Nari Ward embarrassed his kids in the name of art

For viewers who encounter it taking up nearly an entire wall at the Barnes Foundation, Nari Ward’s “Iron Heavens” is a striking, faintly disturbing piece that suggests the threat of violence against a dark night sky. For Ward’s children, though, it was just another embarrassing thing that dad did.

“That was the bane of my kids’ existence,” laughed Ward during an interview in his new career-spanning exhibition, “Sun Splashed,” which opens at the Barnes this weekend. In keeping with the found-object origins of much of his work, Ward constructed a haunting night sky out of dozens of oven pans. “We’d be driving down the street and I’d pull the car over and jump out. They were always embarrassed, like ‘This is what it’s come to — my father is raiding ovens.’”

Ward’s work is built on that kind of repurposing, taking things that others have thrown away and using them to look at the broader culture. Born in Jamaica and based in New York City, his monumental pieces tackle ideas of Caribbean and African-American culture, politics and history, often with a sardonic sense of humor.

Visitors to the Barnes’ exhibition are greeted by a trio of towering orange snowmen, made of tangled balls of burnt foam beaded with mango seeds and small electronic components. A coffin-like tanning bed takes up one side of the gallery, imprinted with an image of the American flag and blasting an oddly patriotic CD used to train parrots to talk. On the other side of the room is a towering black-and-red construction built atop a shopping cart and topped with a throne-like chair; a nearby screen shows video footage of Ward pushing the cart through the streets of New York.

Of course, in New York no one pays mind to such eccentricities in their midst, but Ward’s goal is to bring that kind of acceptance of the unexpected into the gallery space. “It’s great to see the exotic become normalized,” he said. “That’s kind of why I work with everyday objects. I really want to seduce the viewer into thinking about their own experience and then find a way for their reading of it to be altered.”

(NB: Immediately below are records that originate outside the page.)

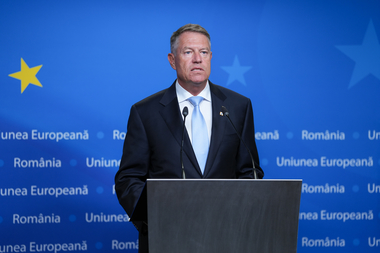 Iohannis, despre aderarea României la Schengen: Este puţin deprimant ca de la Viena să auzi ca şi cum acolo o placă s-ar fi stricat puţin. Argumentele sunt cel puţin străvezii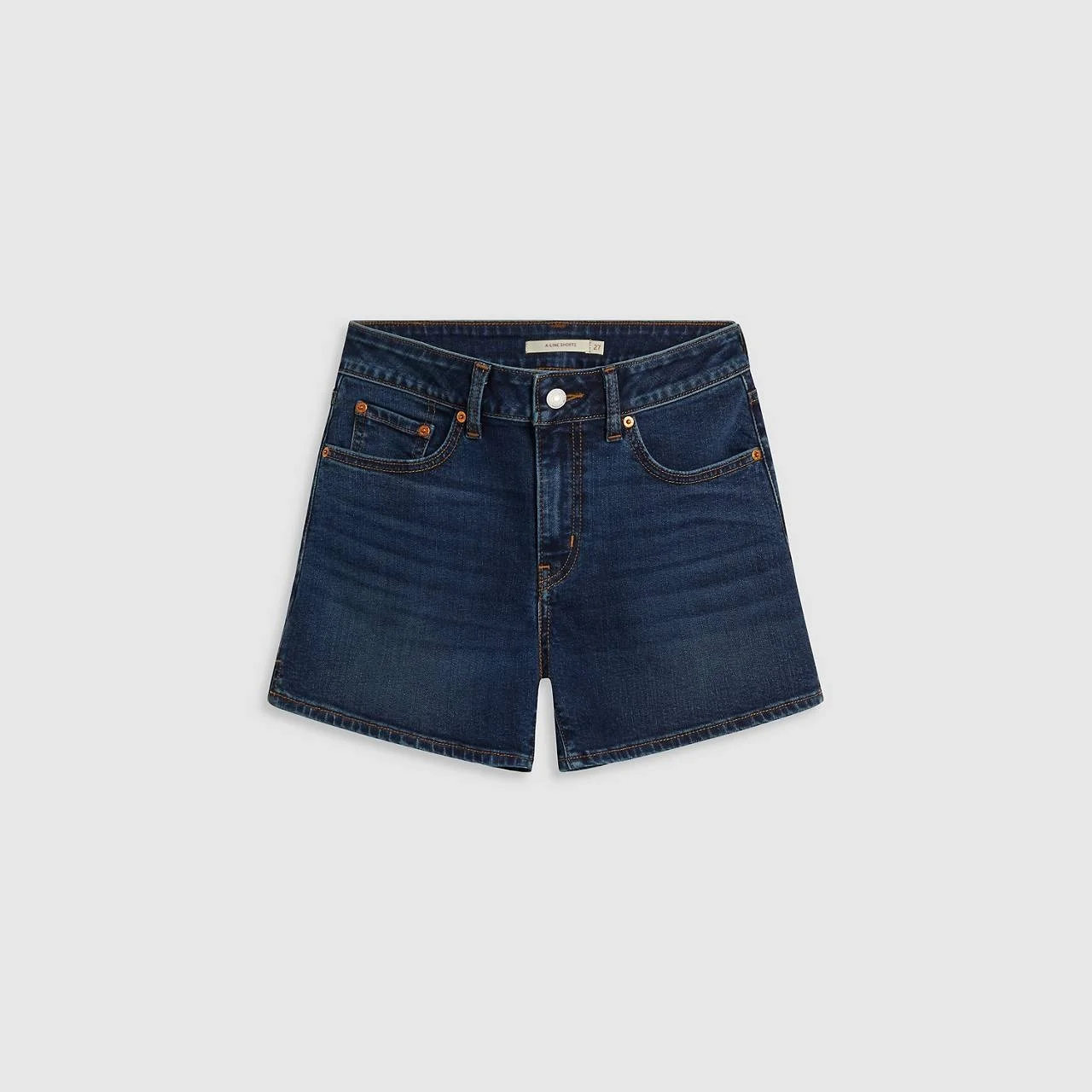 A-LINE WOMEN'S SHORTS - 1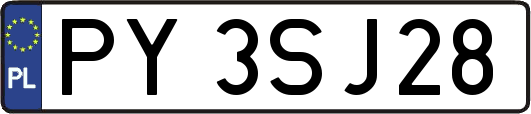 PY3SJ28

In that sense the Barnes is the ideal location for Ward’s show — the foundation’s founder, Dr. Albert Barnes, famously arranged his collection to place incongruous items right next to each other, a shocking break from the typical art museum approach.

“His whole thing was installation and juxtaposition,” Ward said. “That blew me away: these strange, unique combinations that you’d never think of. Some of it is absurd and some of it makes total sense, and that’s what I want to happen with viewers. At a certain point they just see this as being what it is and try to understand it from their own experience.”